**Your goal**
Begin with the first line below and retype each line exactly through the line containing "Load image into". Any pictures are to be left out.

*-*-*

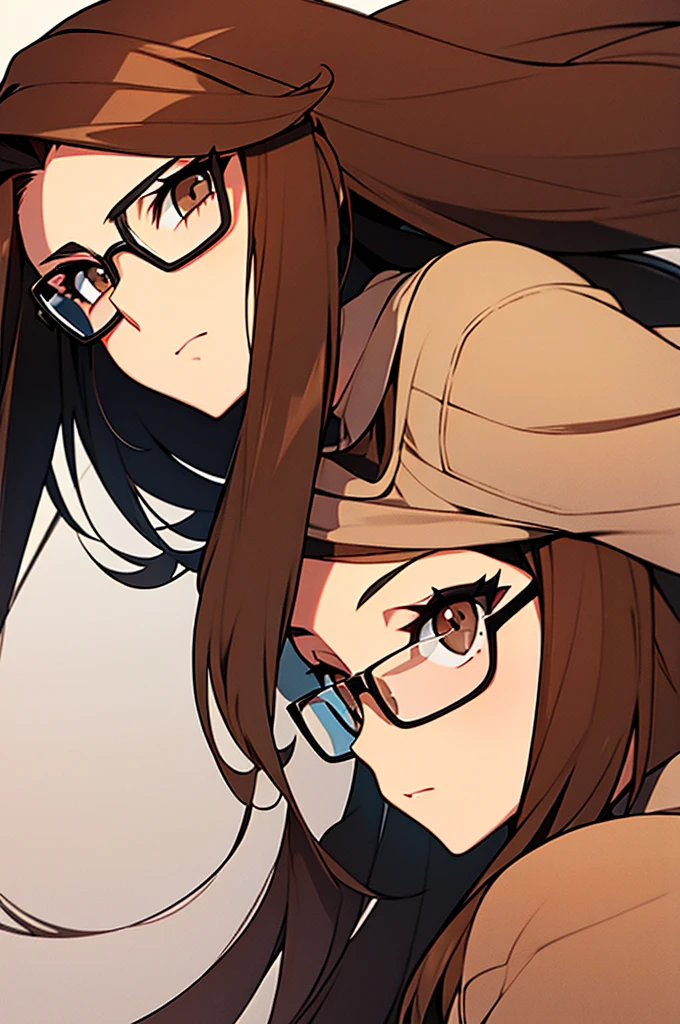 Mujer, long brown hair, con gafas redondas, Brown eyes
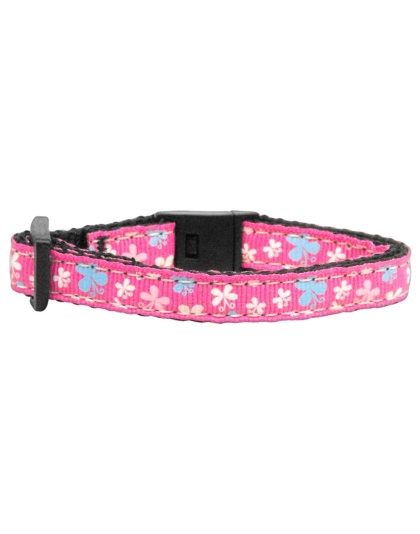 Butterfly Nylon Ribbon Collar Pink Cat Safety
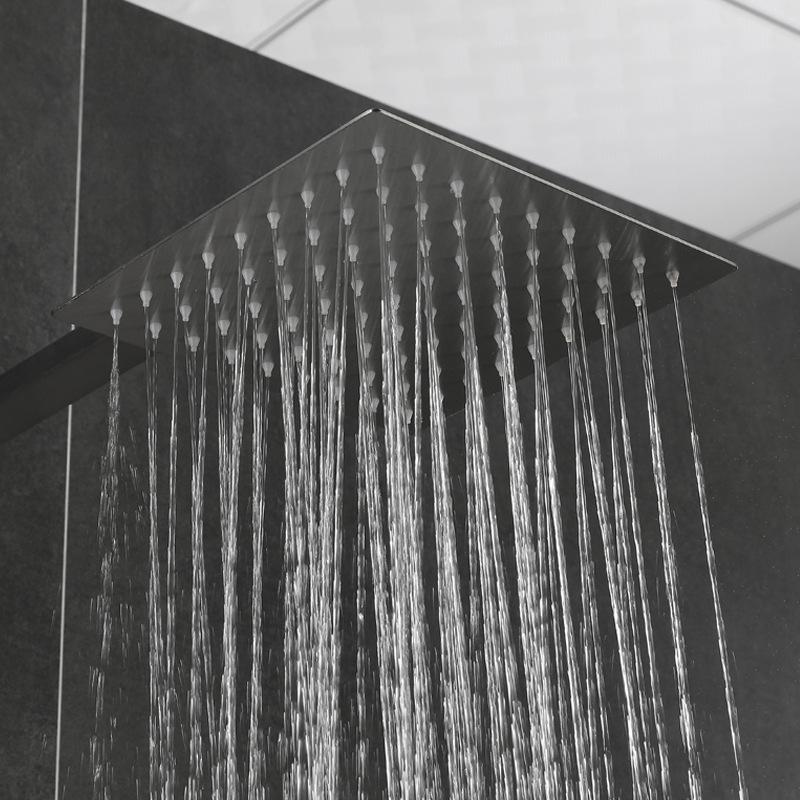 304 SUS Rainfall Shower Suit Wall Mounted Ceiling Arm Mixer Water System Brushed Gold/Black Rainfall Bath Shower Faucets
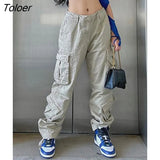 Grunge Streetwear Cargo Pants Woman Low Waist Baggy Mom Jeans Vintage 90s Hippie Straight Denim Trousers Korean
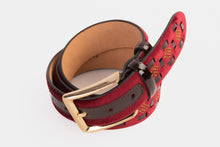 Load image into Gallery viewer, The Vicino Burgundy Leather Belt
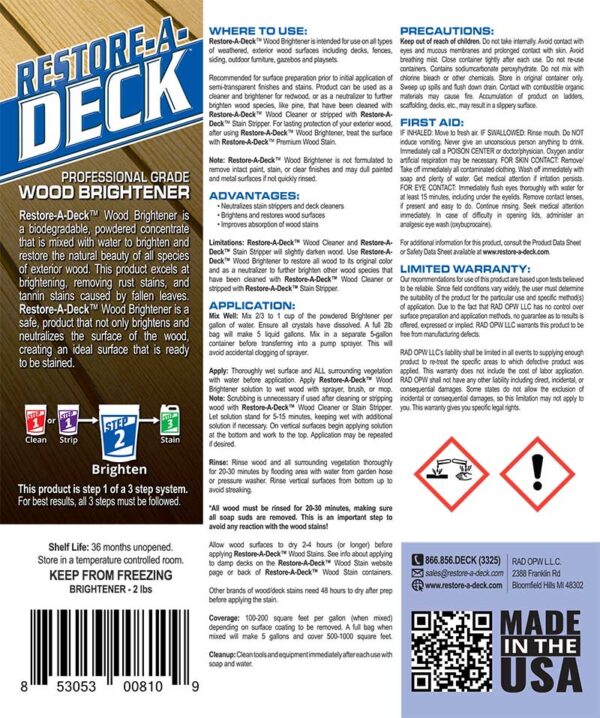 Restore-A-Deck Wood Stain 5 Gallons and Stripper/Brightener Combo Kit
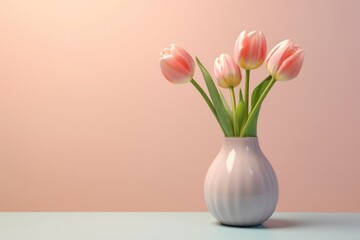 tulip flower in the vase close up AI Generated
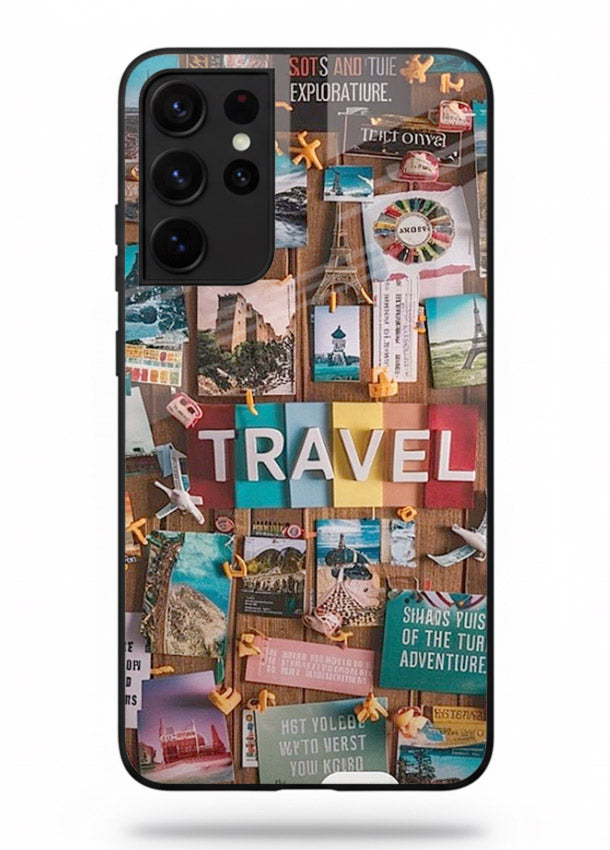 Postcard Travel Wall collage artwork Samsung S21 Ultra glass back cover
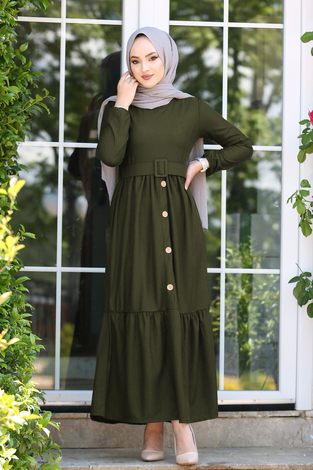 Kemerli Elbise 180SB-9023 Haki - Thumbnail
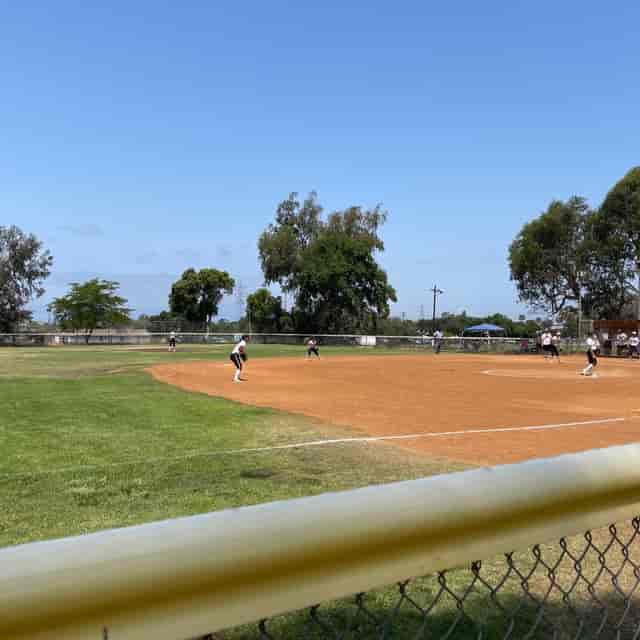 Softball field at Park de la Cruz Gymnasium, ideal for team-building events and outings.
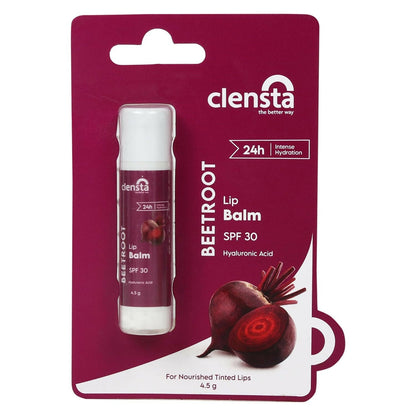 Clensta Beetroot Lip Balm With Hyaluronic Acid Spf 30 With Beetroot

*-*-*

**Task response**
 Mujer, long brown hair, con gafas redondas, Brown eyes
 Butterfly Nylon Ribbon Collar Pink Cat Safety
 304 SUS Rainfall Shower Suit Wall Mounted Ceiling Arm Mixer Water System Brushed Gold/Black Rainfall Bath Shower Faucets
 Grunge Streetwear Cargo Pants Woman Low Waist Baggy Mom Jeans Vintage 90s Hippie Straight Denim Trousers Korean
 Load image into Gallery viewer, The Vicino Burgundy Leather Belt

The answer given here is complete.